A group of students at the Claremont Colleges in search of a roommate insist that the roommate not be white.
Student Kare Urena (PZ ’18) posted on Facebook that non-white students in need of housing arrangements should reach out to either her or two other students with whom she plans to live in an off-campus house. The post says that “POC (people of color) only” will be considered for this living opportunity. “I don’t want to live with any white folks,” Urena added.
Dalia Zada (PZ ’18) expressed concerns to the anti-white discrimination. “‘POC only?’ Maybe I’m missing something or misunderstanding your post, but how is that not a racist thing to say?”
“This is directed to protect POC, no white people. Don’t see how this is racist at all…” responded AJ Leon (PZ ’18(, a member of the Pitzer Latino Student Union.
“People of color are allowed to create safe POC only spaces. It is not reverse racism or discriminatory, it is self preservation [sic],” Sara Roschdi (PZ ’17), another Pitzer Latino Student Union member, stated. “Reverse racism isn’t a thing.”
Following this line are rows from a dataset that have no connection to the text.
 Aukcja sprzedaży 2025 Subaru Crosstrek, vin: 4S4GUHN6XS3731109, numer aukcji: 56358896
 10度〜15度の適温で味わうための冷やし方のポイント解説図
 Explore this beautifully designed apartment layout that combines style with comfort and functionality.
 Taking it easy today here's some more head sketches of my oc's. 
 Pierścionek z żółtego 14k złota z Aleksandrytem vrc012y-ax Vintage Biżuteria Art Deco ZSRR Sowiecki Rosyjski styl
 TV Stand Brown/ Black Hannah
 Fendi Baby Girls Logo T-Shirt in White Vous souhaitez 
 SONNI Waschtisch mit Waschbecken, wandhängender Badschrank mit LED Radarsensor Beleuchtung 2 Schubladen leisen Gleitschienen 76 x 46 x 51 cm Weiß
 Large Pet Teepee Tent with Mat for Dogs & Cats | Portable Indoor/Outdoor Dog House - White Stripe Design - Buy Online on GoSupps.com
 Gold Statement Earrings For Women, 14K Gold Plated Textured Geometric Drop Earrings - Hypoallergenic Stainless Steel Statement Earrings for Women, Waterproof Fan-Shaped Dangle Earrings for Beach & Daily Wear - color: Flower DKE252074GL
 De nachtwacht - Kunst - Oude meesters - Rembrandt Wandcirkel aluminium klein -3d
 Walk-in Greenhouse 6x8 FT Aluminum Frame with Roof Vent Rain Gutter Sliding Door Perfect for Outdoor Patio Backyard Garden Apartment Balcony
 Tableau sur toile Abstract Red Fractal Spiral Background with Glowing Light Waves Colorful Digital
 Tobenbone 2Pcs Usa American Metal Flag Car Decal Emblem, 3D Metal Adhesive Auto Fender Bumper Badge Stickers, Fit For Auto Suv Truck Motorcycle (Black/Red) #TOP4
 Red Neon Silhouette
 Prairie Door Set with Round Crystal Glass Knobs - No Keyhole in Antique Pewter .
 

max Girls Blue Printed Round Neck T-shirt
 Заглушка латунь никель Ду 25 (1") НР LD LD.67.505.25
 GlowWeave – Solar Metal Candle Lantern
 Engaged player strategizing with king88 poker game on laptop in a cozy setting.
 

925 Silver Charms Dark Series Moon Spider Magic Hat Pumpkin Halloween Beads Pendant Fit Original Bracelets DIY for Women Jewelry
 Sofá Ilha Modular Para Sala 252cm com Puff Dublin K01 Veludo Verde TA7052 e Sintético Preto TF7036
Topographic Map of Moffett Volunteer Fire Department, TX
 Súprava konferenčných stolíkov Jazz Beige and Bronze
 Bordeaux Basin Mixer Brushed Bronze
“We don’t want to have to tiptoe around fragile white feelings in a space where we just want to relax and be comfortable,” commented Nina Lee, a Women’s Studies major. “I could live with white people, but I would be far more comfortable living with other poc.”
It is unclear if this refusal of dialogue represents the approaches to conversation on racism with fellow students encouraged by professors of Africana Studies or the Residence Life staff at Pitzer College.
Another RA and Black Student Union member, Jessica Saint-Fleur (PZ ’18) added to the thread of comments, “White people have cause [sic] so much mf [sic] trauma on these campuses…why in the world would I want to live with that? Bring that into my home? A place that is supposed to be safe for me?”
The Mission and Values section of Pitzer College’s website says, “Intercultural Understanding enables Pitzer students to comprehend issues and events from cultural lenses beyond their own.” It also adds that “[Pitzer College] supports the thoughtful exchange of ideas to increase understanding and awareness, and to work across difference without intimidation. We have the right to be heard and the responsibility to listen. Communication, even at its most vigorous, should be respectful and without intent to harm.”